Wall Street giant Morgan Stanley reportedly has cleared an important hurdle in its $13 billion acquisition of discount brokerage E*Trade Financial.
The Justice Department’s antitrust division has given the deal a green light without requiring any changes, Bloomberg reports, citing an anonymous source familiar with the situation. A Morgan Stanley spokesperson declined to comment to the news outlet.
Announced last month, the acquisition reflects Morgan Stanley’s desire to be able to serve wealth management and brokerage clients at all levels.

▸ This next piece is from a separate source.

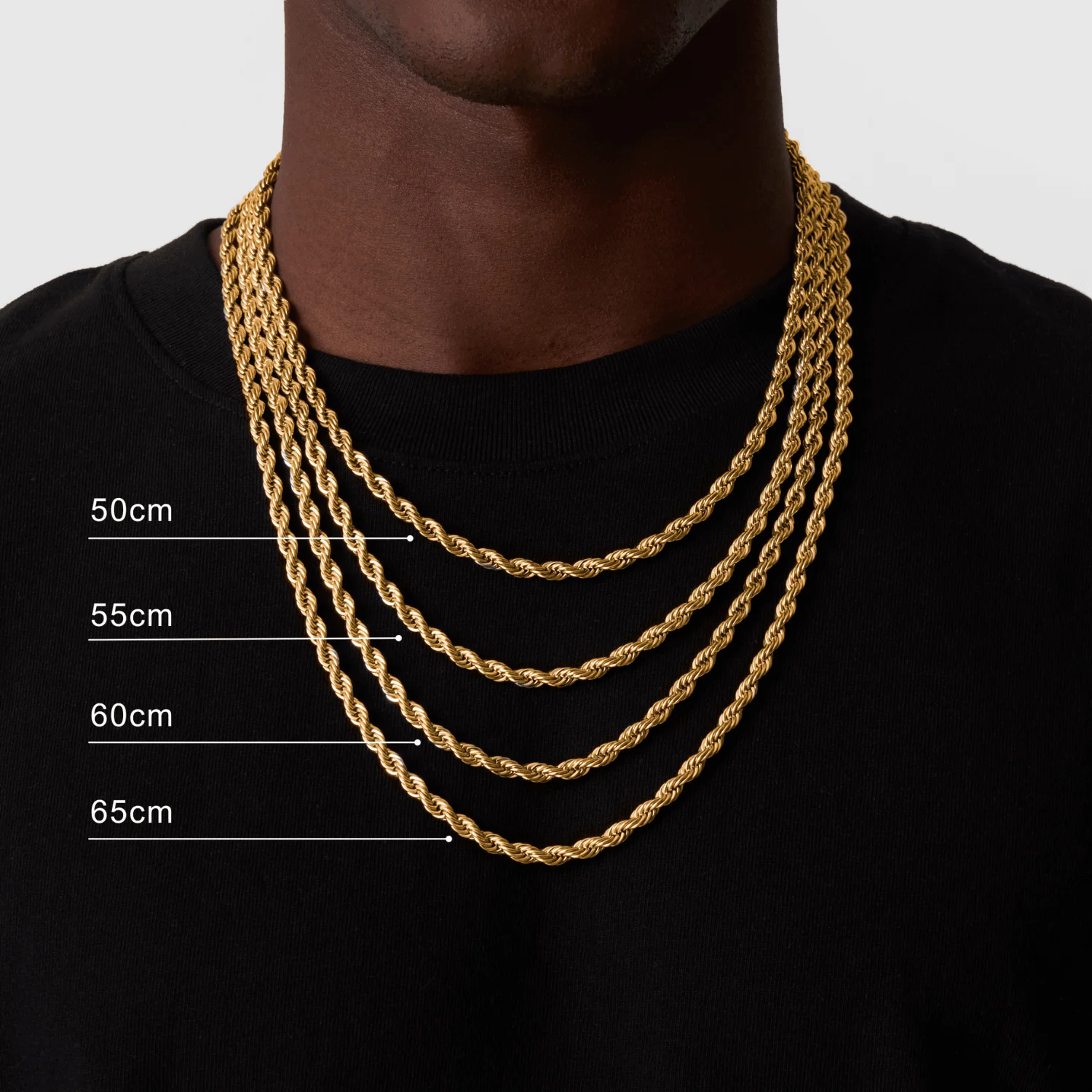 Punk Vintage Rope Chain Necklace for Men Women,Gold Color Stainless Steel Braided Twisted Chain,Hip Hop Casual Jewelry photo 3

E*Trade’s online trading platform is popular with DIY investors and traders, and Morgan Stanley will be able to pitch them its full-service wealth management offerings as their needs grow more complex. E*Trade also helps corporate clients manage stock plans for their employees, and Morgan Stanley plans to use that business to bolster its already significant stock-plan offerings. Morgan Stanley has made it clear that it wants to refer participants in those plans to its financial advisors.
Meanwhile, the Justice Department continues to investigate Charles Schwab’s planned purchase of rival TD Ameritrade, Bloomberg notes. One potential antitrust concern is the dominance a combined Schwab/TD Ameritrade would have in the RIA custody market. A merged firm would custody about 51% of RIA assets, research firm Cerulli Associates has estimated.